I do feel compelled to wonder about Harris's true southern credentials - based on my relatives and experience living in the land of the razorback - both Lily and her sister, Verena (now there's a good southern name) are almost hopelessly beyond bridal age. Even I married younger than that, and my Oklahoma and Arkansas kin had written me off as a hopeless old maid at something near 19. At near thirty, Verena should be slinking off quietly to the JP rather than holding a white-gowned extravanganza. Murders or no murders.

Tuesday, February 22, 2011

Little Women by Louisa May Alcott

Like Alice, it's been a long, long time since I read this. And again I am amazed by the genius of the writer. I have read and reread it since I was very young - I was probably in single digits when I read it the first time and have never failed to cry over Beth's death and Jo's rejection of Laurie and to be charmed by Meg's romance, and amused by Jo's.
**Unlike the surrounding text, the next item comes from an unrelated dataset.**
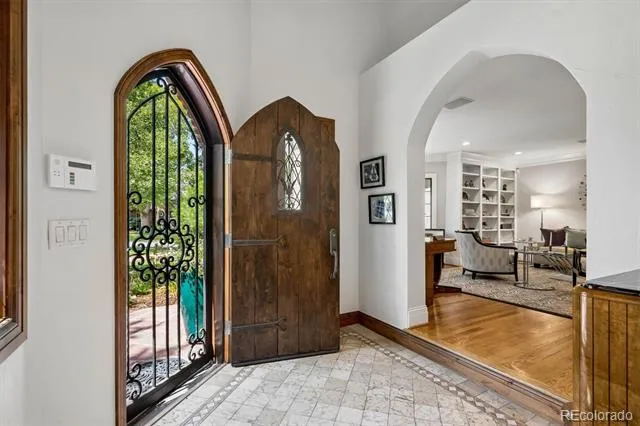500 Bellaire Street Denver, CO 80220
The amazing thing is that all of these characters seem so vital, so real, in spite of being surrounded by as incredible a weight of moralizing I have ever read. If the sermons were removed, the book would probably be reduced by half. And yet - who can forget the plays performed for an audience seated on their bed and the Pickwick Club. And then there are all of Marmee's gentle lectures and the object lessons that each of the girls picks up along the way. Perhaps Marmee's confessions of her own faults help lighten the lectures.

The least persuasive character is their father, who is endowed with saintly wisdom and virtue and apparently without fault or flaw. Did the Alcott girls actually see their father in that way, do you suppose? In many ways Papa March is supposed to be patterned on Bronson Alcott - Certainly in that he reduced the family to financial ruin.

Monday, February 21, 2011

The Sharing Knife: Beguilement by Lois McMaster Bujold

I was looking up some of the Vor books at my favorite book store and found this. I don't think I have ever read anything by Bujold except the Miles Vorkosigan books (assuming you count the Cordelia books in that category). Well, maybe one title seemed familiar - although I couldn't remember too many details of the story. There aren't very many of them, but they are there.
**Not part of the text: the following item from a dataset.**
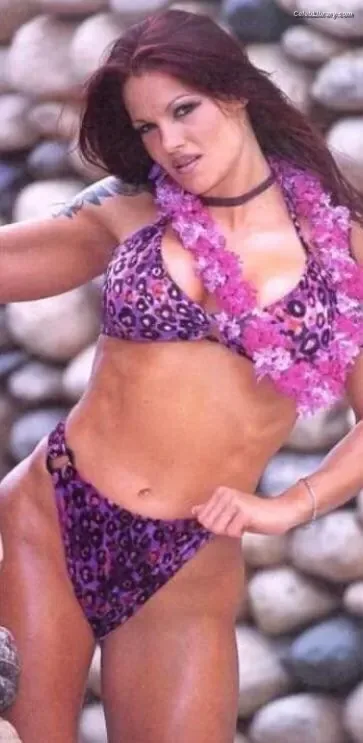 Amy Dumas (Lita) photo 6 of 1011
This is fantasy, the Vor are definitely science fiction. It is genuine fantasy, not pseudo science fantasy like McCaffrey's Pern books or Shinn's Samaria books which start as high fantasy and then run back to technology to justify everything. That isn't a put-down - I love those books and have reread them many times. There is something different about building a fantasy context and letting it stand on its own. Of course, I have only read the first one of these (there are four), so I may be leaping to a conclusion.

It is difficult to find a term to characterize this book - I was delighted to discover the term "cozy mystery" for that subgenre - and maybe such subdivisions exist for fantasy, but I haven't encountered them. Perhaps it would suffice to say that it is "gentle" fantasy - although there is plenty of gore and grim and fell monsters.

The setting is reminiscent of the rural midwest of about a century ago, with the addition of the "others," the lakewalkers, who have an ability in addition to the usual five senses which they call "groundsense" and appears to be an awareness of the "rightness" of things as well their location within a range that varies from one individual to another as hearing does. The lakewalkers are perhaps similar to the plains tribes, except that their mission is to eradicate an ancient evil which surfaces apparently at random threatening human settlements, not to mention the existence of life on earth in general.

In this story, a lakewalker rescues a "farmer" girl a) from a would-be rapist, b) from one of the primordial monsters, and c) from death of her injuries, and, predictably, they fall in love - with all the problems associated with cross-cultural alliances. I assume that their story continues in the next book, because they haven't quite crossed all the bridges yet.

Sunday, February 20, 2011

Ghost in the Polka Dot Bikini by Sue Ann Jaffarian

I may have been wrong about the California sights. Although this was focused around a murder that took place on Catalina Island, there really wasn't much about the island itself - and actually very little of the story took place there.

It was entertaining. The ghost is a non-starlet from the sixties (1960s, as Emma informs her great-great-great granny), one of the flocks of beautiful girls who flock to Cali and hang around the fringes getting occasional bit parts. She seems unclear on the point of her death, even whether or not she is dead and certainly about how she got that way. Emma gets everything cleared up for her at the expense of a group of now aging movers and shakers in Hollywood circles.

Saturday, February 19, 2011

A Cold Day for Murder by Dana Stabenow

See, a whole book on paper! Recommended by someone at school. I enjoyed it, even on paper. Didn't make me want to go to Alaska.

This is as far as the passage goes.